Dopo aver visto la sanzione la donna è sbottata su Instagram: "Gli sbirri svizzeri sono la peggiore categoria di poliziotti esistenti: sono ignoranti e razzisti"

LUGANO – Una multa per un parcheggio fuori dalle strisce ed ecco la polemica. Una donna frontaliera non ha preso bene la sanzione della Polizia e ha pensato bene di esternare la propria rabbia sui social, attraverso un'Instagram Stories con la quale ha attaccato pesantemente la Svizzera.

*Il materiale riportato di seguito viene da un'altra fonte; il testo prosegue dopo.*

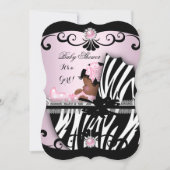 アフリカ系アメリカ人ベビーシャワーガールピンクゼブラ4 招待状 (正面)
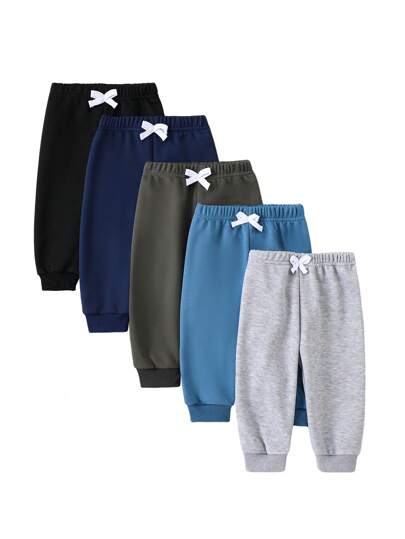 SHEIN Playful Pals 5pcs Baby Boy Autumn/Winter New Casual Loose Pants, Knitted Sweatshirt, Multi-Color, Korean Style, Thickened Winter, Fashionable High-End Quality, Versatile All-Match For Autumn/Winter, Stylish Homewear, Sportswear, Casual Outerwear Fall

"Sono – dice la ragazza – una me**a perché non spreco più di cinque minuti a cercare parcheggio, ma multa la ricevo solo io perché questi sono svizzeri di me**a. Anche questo str***o non ha il disco blu", dice indicando una vettura con targhe ticinesi.

E poi ancora l'affondo alle forze dell'ordine ticinesi. "Gli sbirri svizzeri sono la peggiore categoria di poliziotti esistenti. Perché oltre a essere ignoranti sono pure razzisti e io non vedo l'ora di andarmene di qui".

Sono però arrivate a stretto giro di posta le scuse, sempre via Instragram, della donna. "Amo la Svizzera, mi sento in debito per avermi dato un lavoro che amo. Mi vergogno delle mie parole. Stanotte non ho chiuso occhio tanto è il senso di colpa che provo. Sono mortificata e non so come rimediare a un gesto del genere".

"Mi sono fatta prendere – continua – dalla rabbia dopo aver visto la multa. Non riuscivo ad ammettere che la responsabilità era solo mia. Non ho mai pensato quelle parole. Vorrei sotterrarmi, ma chiedo umilmente scusa a tutte le persone che si sono sentite offese dalle mie parole".